Читать книгу «Медленные пули» онлайн полностью📖 — Аластера Рейнольдса — MyBook.
image

Энола

Днем Счастливица Кодайра работала на Хохолке Какаду. Продавала на тамошнем рынке вещицы, найденные семейством Кодайра зимой, в странствиях на севере, в бескрайних пустынях Безлюдья.

Осколки былых времен, мелкие безделушки, изготовленные сотни лет назад людьми, которые жили еще до наступления Часа, до серебряного света. Одни безделушки разговаривали пронзительными голосами, обычно на языках северных островов. Другие ценились лишь за манящий ореол древности. В некоторых можно было разглядеть лица мертвецов, как, например, в том ожерелье из голограмм, которое Счастливица носила на шее. В ее лотке попадались шкатулки-флейты, они пели каждый раз по-новому, никогда не повторяясь. И всякие диковинки – пресс-папье в форме Разрушенного моста (вот только еще целого), детская игрушка – сверкающий стеклянный лабиринт, по которому ползала капелька жидкого металла, этакий хромированный слизняк; крошечная сфера – Земля, как будто увиденная из космоса, цвета сепии, с черными отметинами. Крошечный глобус так полюбился Счастливице, что она спрятала его на самом дне лотка.

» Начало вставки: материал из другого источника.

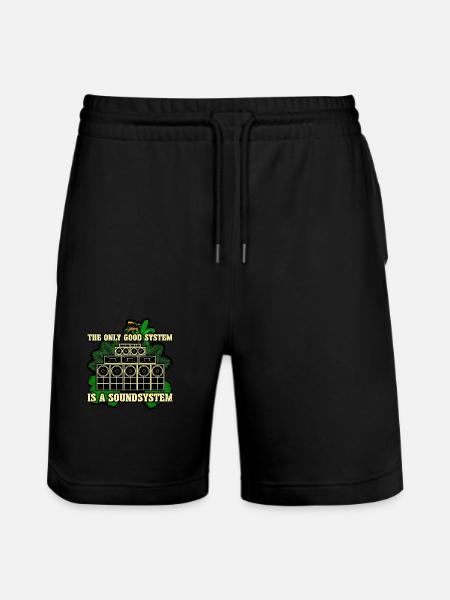 Only Good System Lion - Stanley/Stella Trainer Unisex Organic Jogging Shorts - black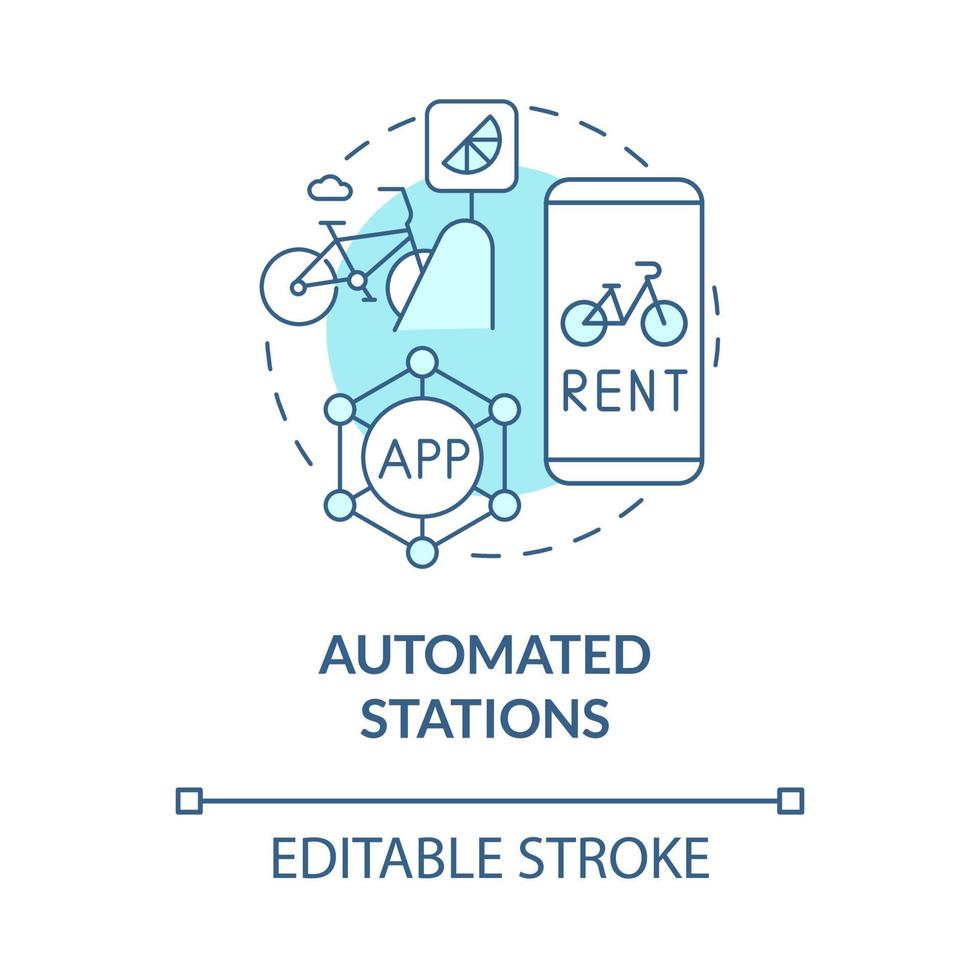 icono de concepto azul de estaciones automatizadas. bicicleta compartir categoría idea abstracta ilustración de línea delgada. utilizando la aplicación de teléfono inteligente. tercera generación. dibujo de color de contorno aislado vectorial. trazo editable vector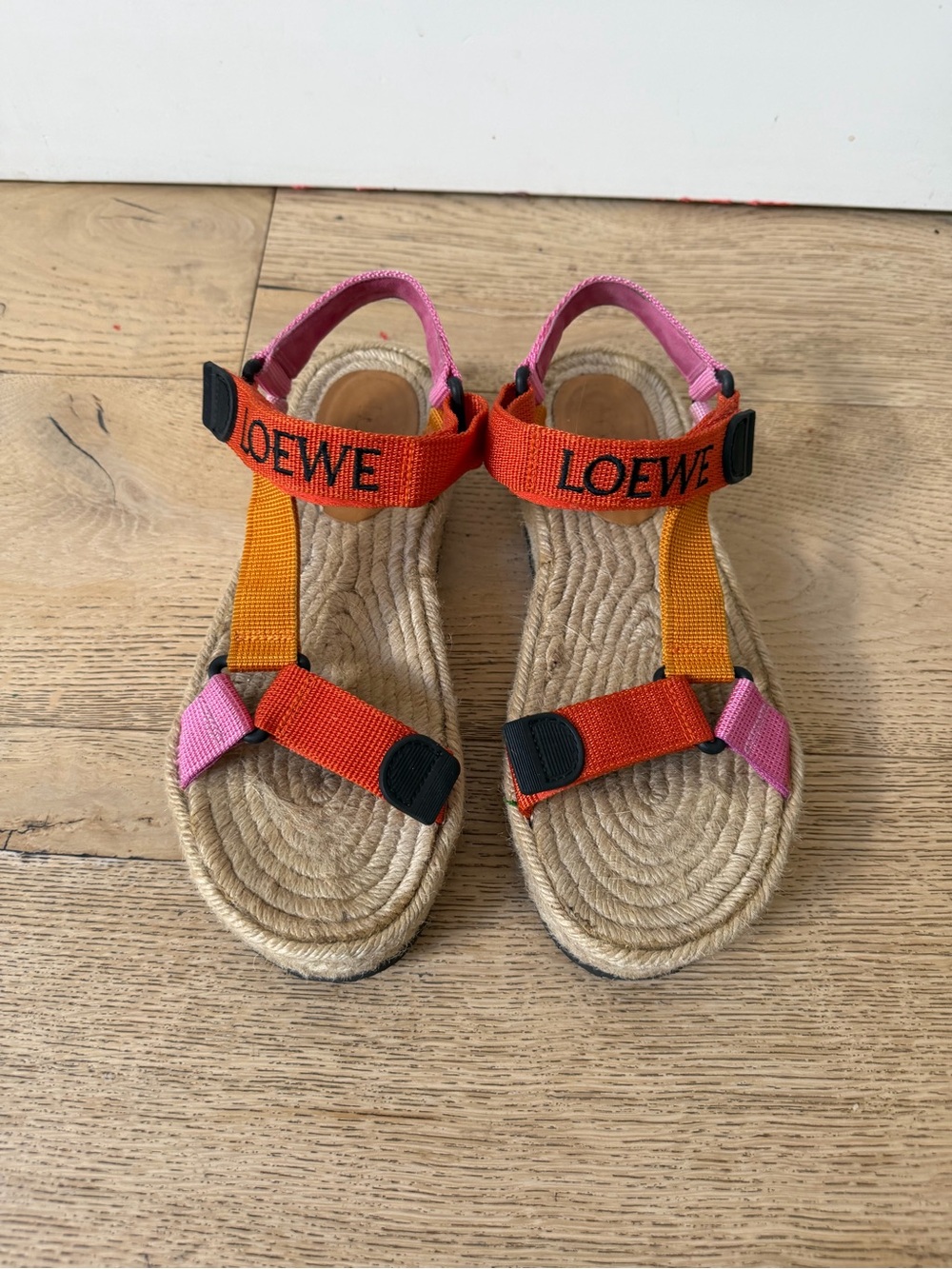 Loewe Pink and Orange Logo Strap Espadrille Sandals
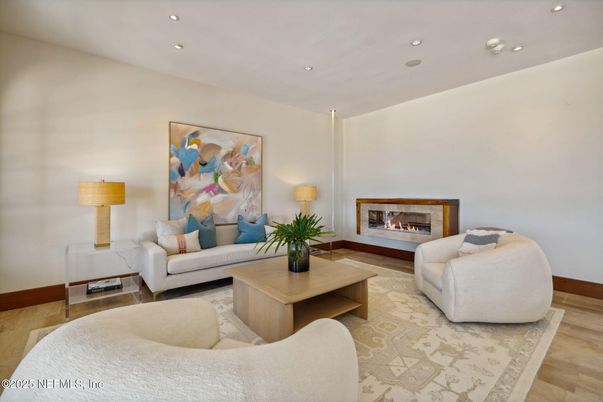 Fireplace, Interior, Living room, Recessed Lighting, Wood Texture Flooring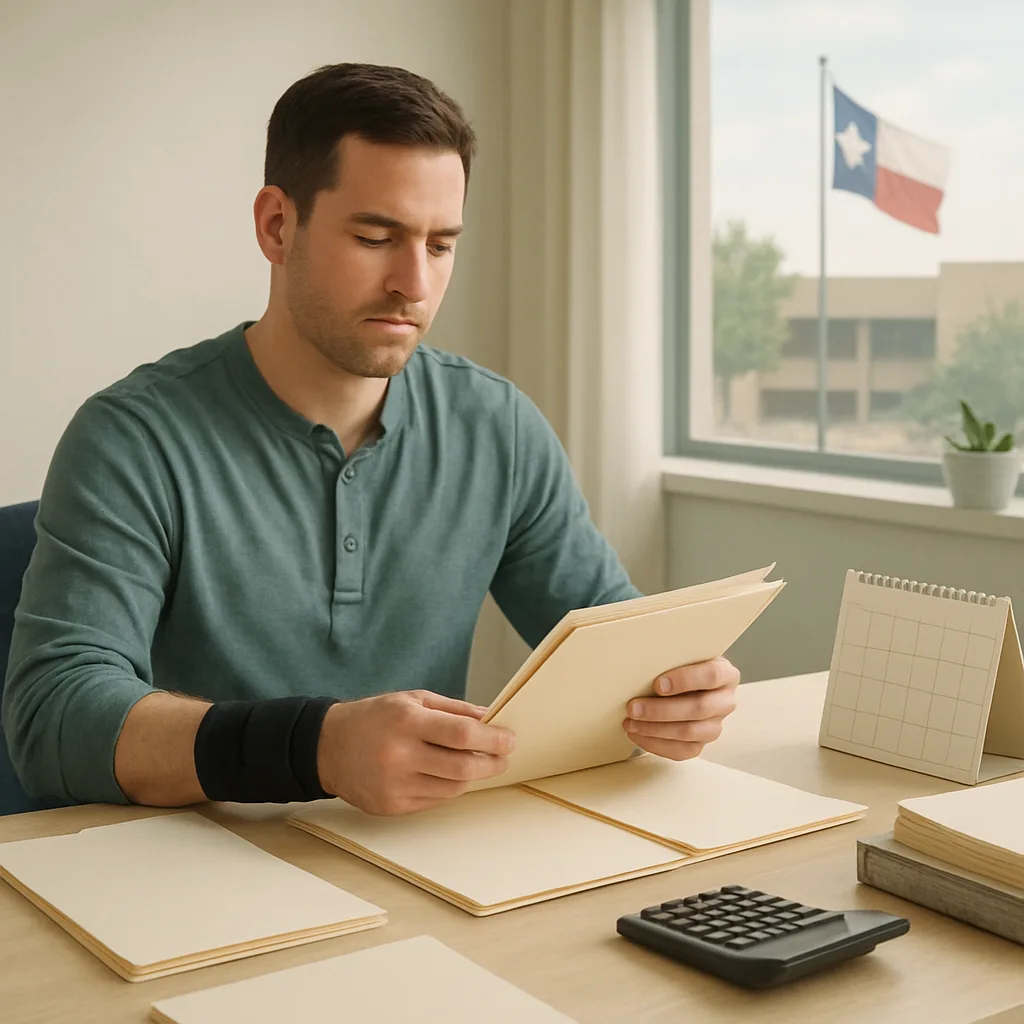 Business records and blank folders used to document self-employed lost wages after a Texas injury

Этот деревянный лоток на тканевом плечевом ремне она носила весь день напролет: семейство Кодайра не было таким уж почтенным, чтобы позволить себе прилавок на рынке. После полудня, устав торговаться и спорить, Счастливица уходила с Хохолка к Разрушенному мосту и на целый час устраивалась в его решетчатой тени. Там она сидела, ела пирожки с фруктами и сушеным мясом, слушала музыку – доносившийся с Хохолка бой барабанов. Окунув ступни в воду, разглядывала на просвет голограммы из своего ожерелья. Ей нравилось изучать лица мертвецов, переливавшиеся неуловимыми радужными цветами. В грохоте барабанов бывали паузы, и Счастливица заполняла их полуоформившимися мелодиями и воображала, будто эти мелодии – лишь обрывки настоящей музыки, которую она сочинила когда-то в другой жизни, недалеко от того места, где сейчас сидит.

На закате девочка с потяжелевшим кошельком покидала рынок и шла по подпрыгивающим понтонам Нового моста на юг, где в автомастерской ее ждал дядюшка. Вдвоем они садились на автобус до дома. Это время дня Счастливица любила больше всего: заградительные аэростаты, пришвартованные к небоскребам, закатное солнце превращало в золотые рождественские шары.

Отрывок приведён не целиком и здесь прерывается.